* Records for the exercise *
┄┄┄┄┄┄┄┄┄┄

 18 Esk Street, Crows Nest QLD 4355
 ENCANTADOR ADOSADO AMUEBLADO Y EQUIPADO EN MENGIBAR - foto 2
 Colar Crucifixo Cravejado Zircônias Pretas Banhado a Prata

┄┄┄┄┄┄┄┄┄┄

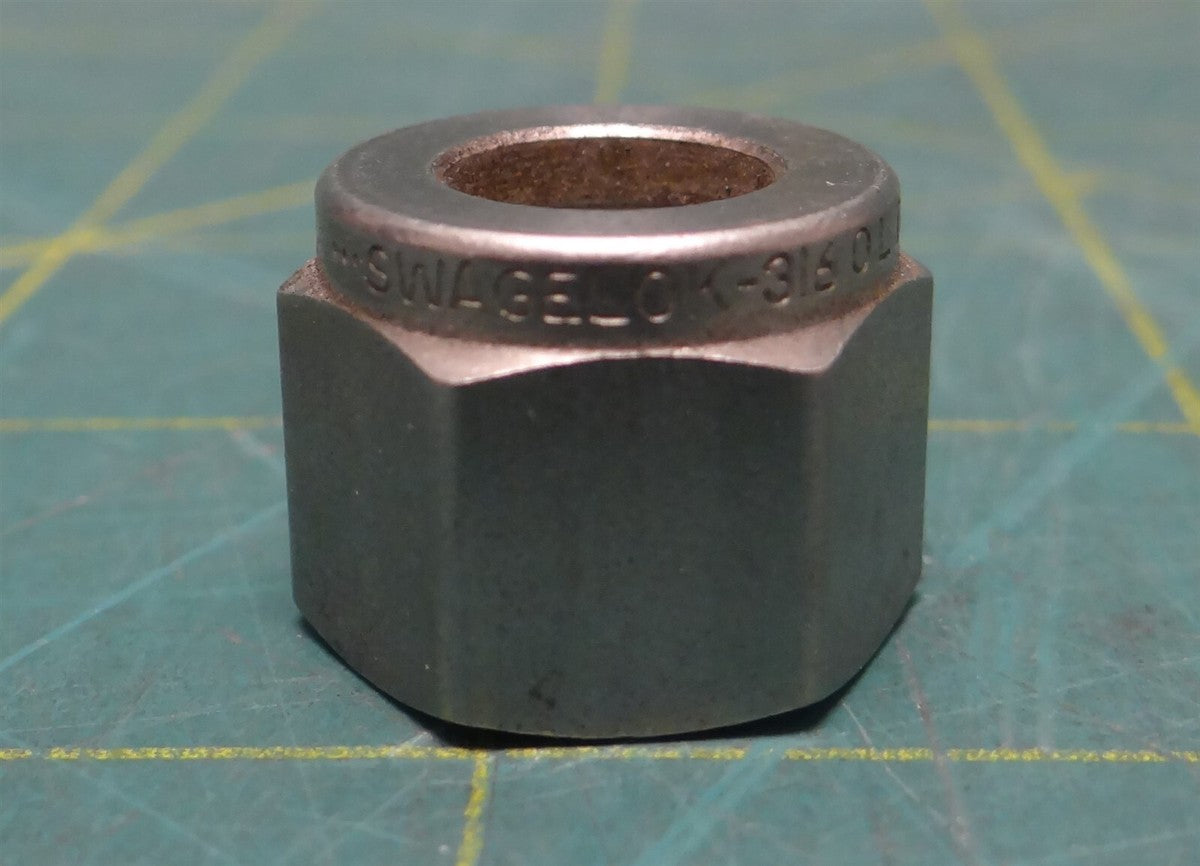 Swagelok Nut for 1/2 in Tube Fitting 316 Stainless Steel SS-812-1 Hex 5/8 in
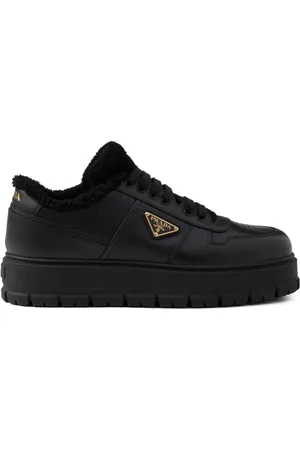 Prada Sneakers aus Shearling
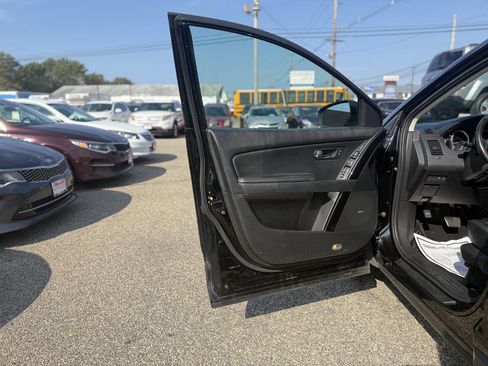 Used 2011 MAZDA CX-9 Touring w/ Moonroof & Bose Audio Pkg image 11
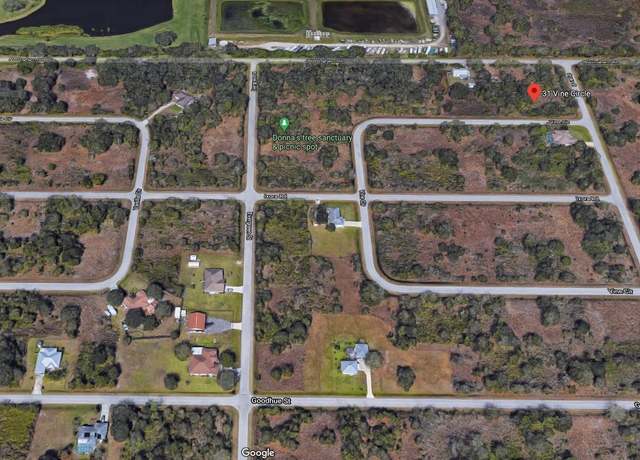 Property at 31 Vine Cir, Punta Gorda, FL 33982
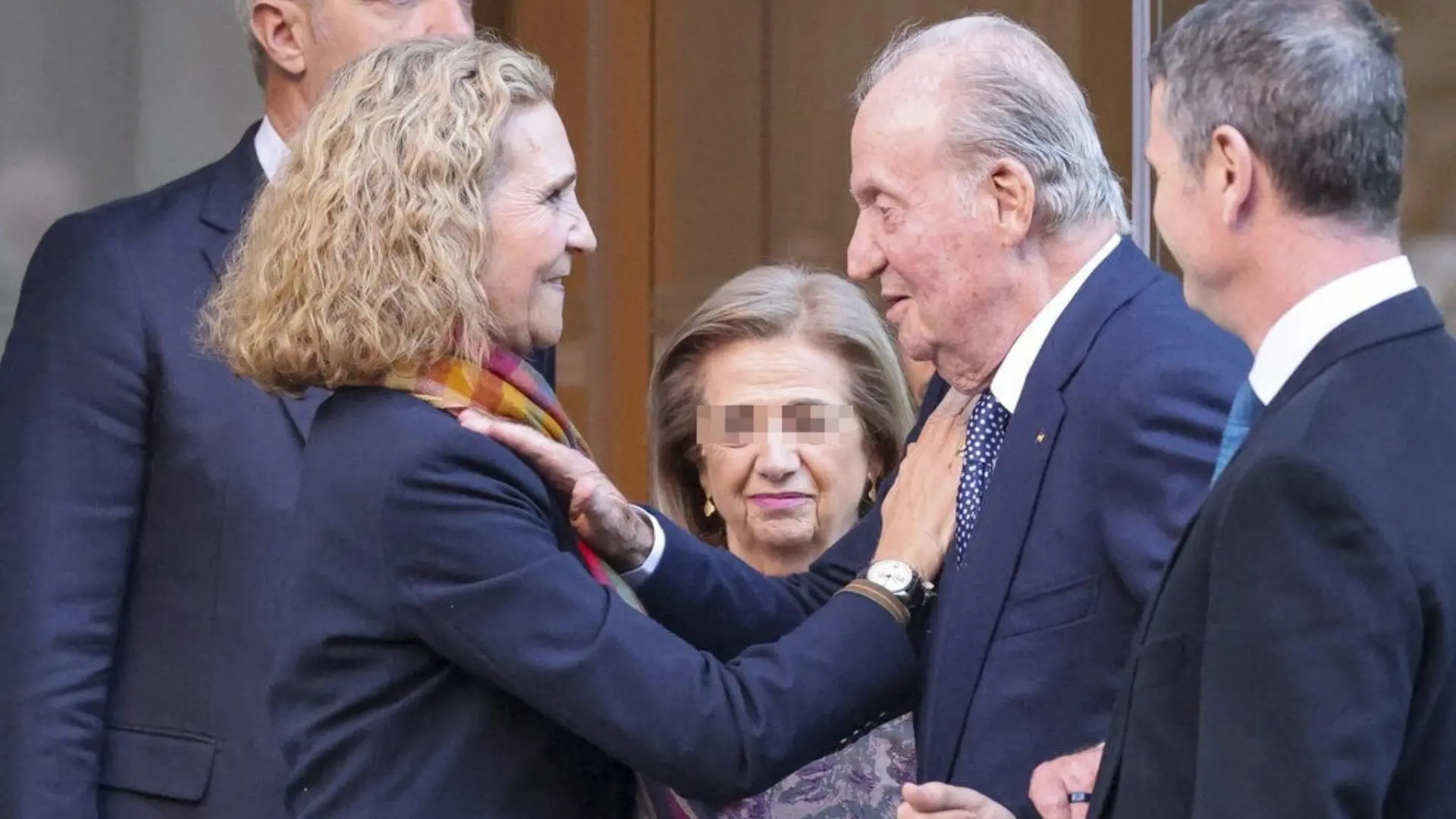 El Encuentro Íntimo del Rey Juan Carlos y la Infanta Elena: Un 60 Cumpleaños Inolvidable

┄┄┄┄┄┄┄┄┄┄

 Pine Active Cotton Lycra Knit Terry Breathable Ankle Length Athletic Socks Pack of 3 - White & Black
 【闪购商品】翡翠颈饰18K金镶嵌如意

┄┄┄┄┄┄┄┄┄┄

* Problem to solve *
Set down only the lines above that fall between the line holding "18 Esk Street, Crows Nest QLD 4355" and the line holding "Colar Crucifixo Cravejado", inclusive, keeping each exact.

* Finished exercise *
 18 Esk Street, Crows Nest QLD 4355
 ENCANTADOR ADOSADO AMUEBLADO Y EQUIPADO EN MENGIBAR - foto 2
 Colar Crucifixo Cravejado Zircônias Pretas Banhado a Prata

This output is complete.